Records from a data source:
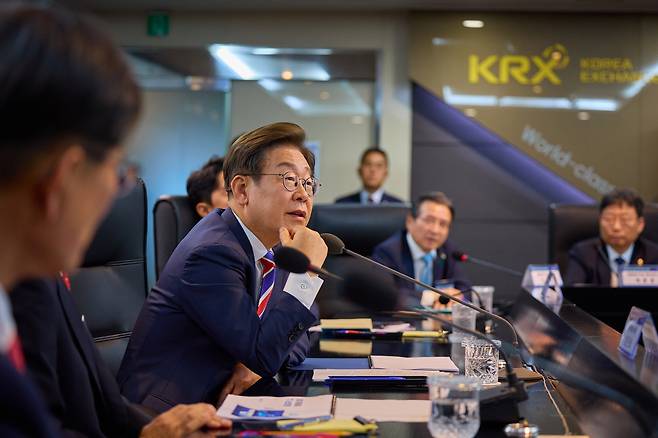 이재명 대통령이 2025년 6월 서울 영등포구 한국거래소 시장감시위원회를 방문해 브리핑을 듣고 있다./뉴스1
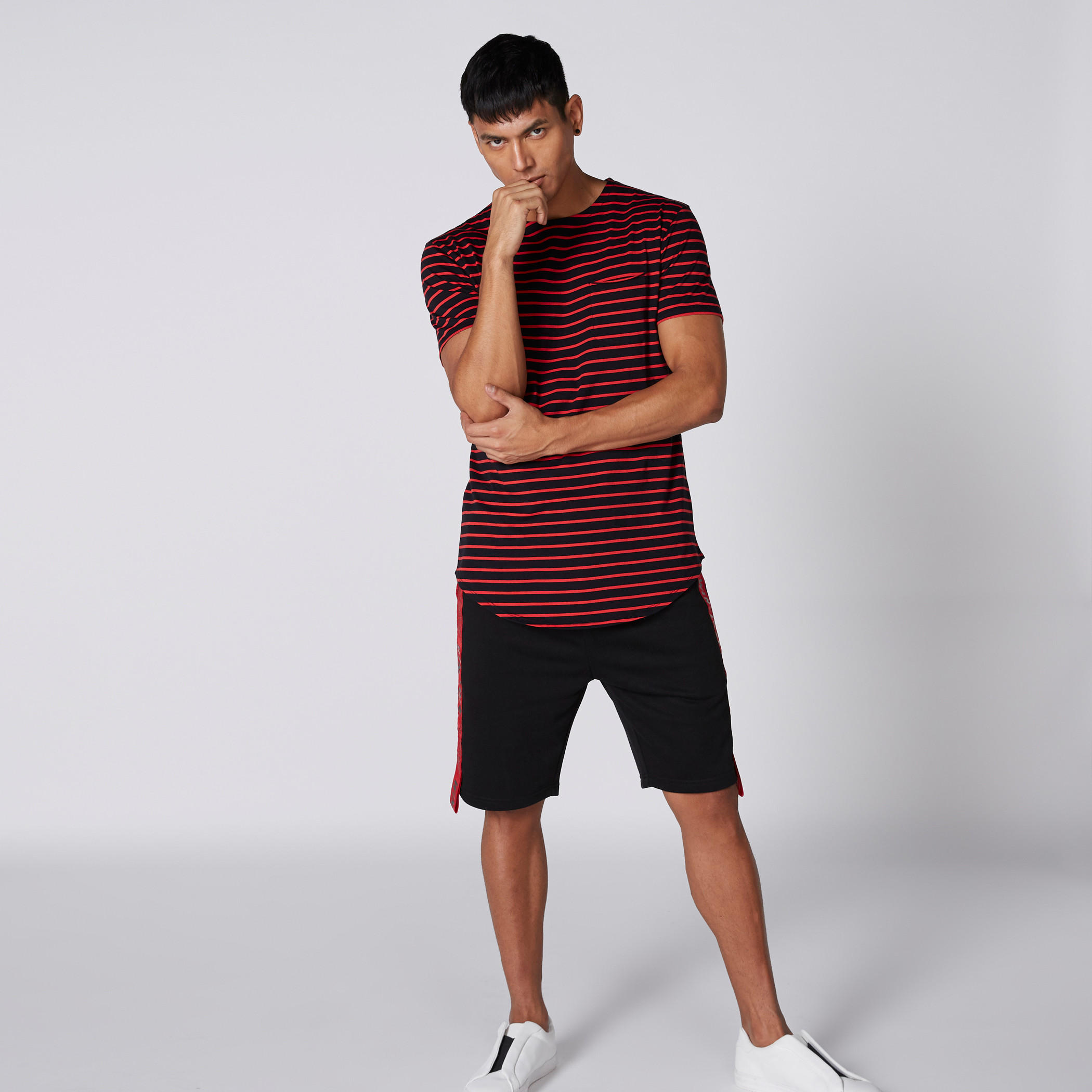 تيشيرت مقلّم بياقة مستديرة وأكمام قصيرة-men-clothing-tshirtsandpolos-tshirts-image-5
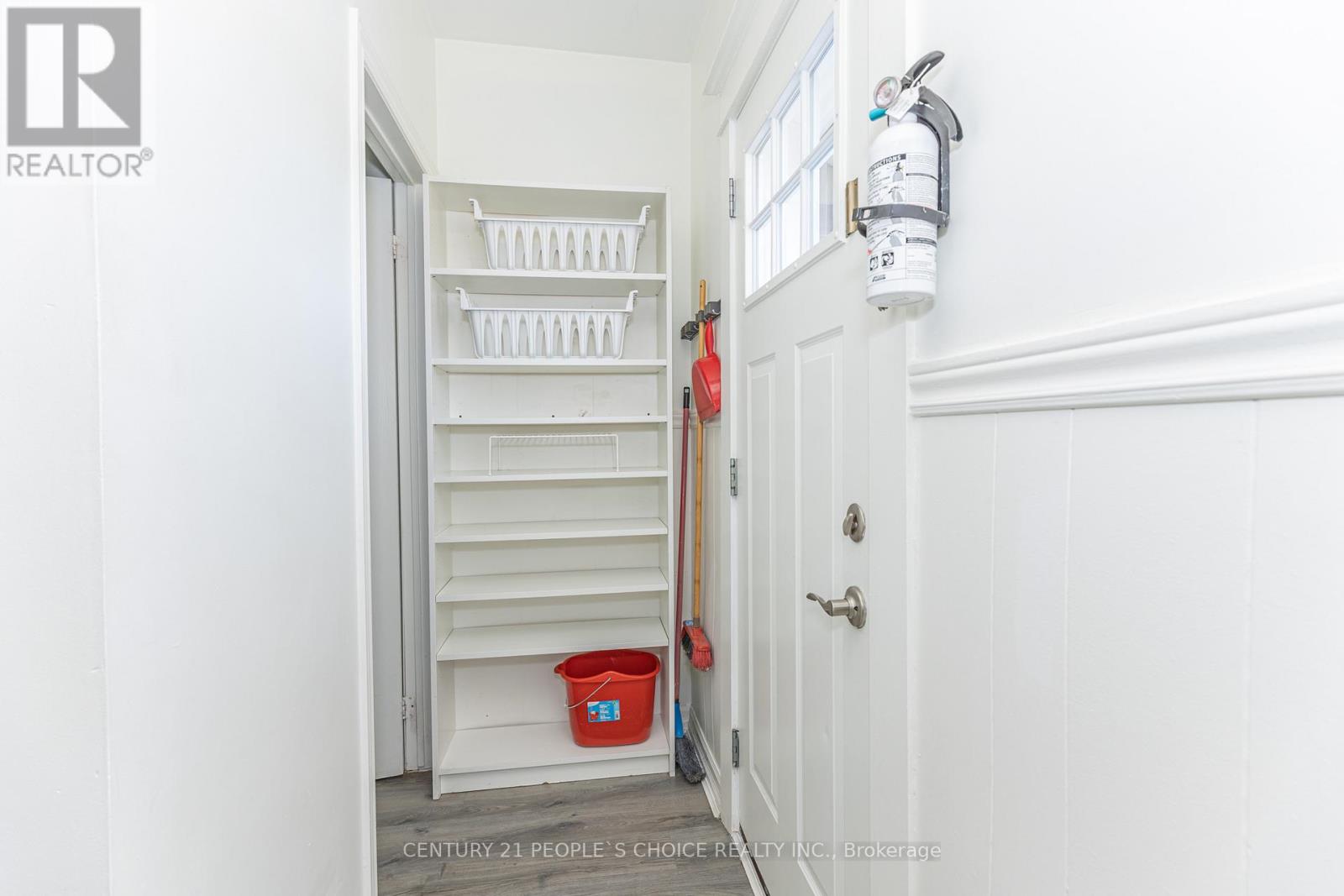 212 Oakwood Avenue, Toronto, Ontario  M6E 2V4 - Photo 16 - C12678882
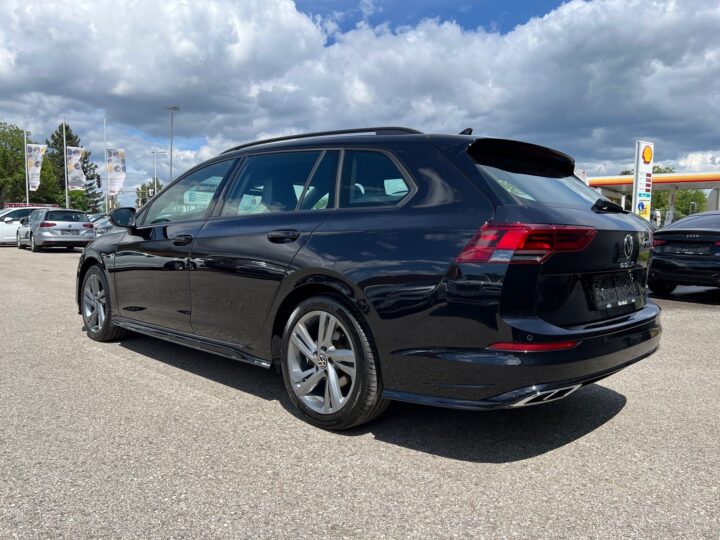 Abbildung Fahrzeugdetailansicht Volkswagen Golf Variant - Nr. 5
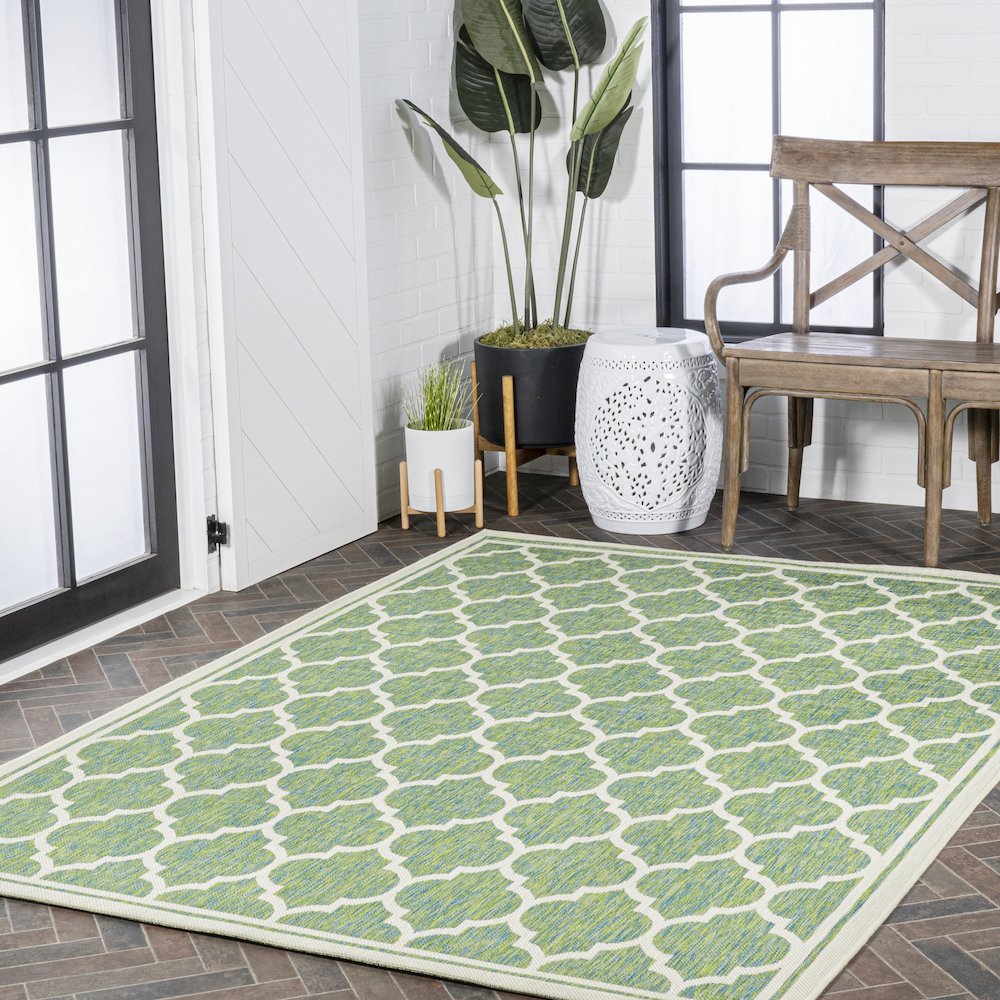 Trebol Moroccan Trellis Textured Weave Indoor/Outdoor Area Rug. Picture 9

# TASK DIRECTIONS
Copy exactly the lines from the one containing "تيشيرت مقلّم بياقة" through the final line of the records above, both included, and leave out any pictures.

# ANSWER BOX
 تيشيرت مقلّم بياقة مستديرة وأكمام قصيرة-men-clothing-tshirtsandpolos-tshirts-image-5
 212 Oakwood Avenue, Toronto, Ontario  M6E 2V4 - Photo 16 - C12678882
 Abbildung Fahrzeugdetailansicht Volkswagen Golf Variant - Nr. 5
 Trebol Moroccan Trellis Textured Weave Indoor/Outdoor Area Rug. Picture 9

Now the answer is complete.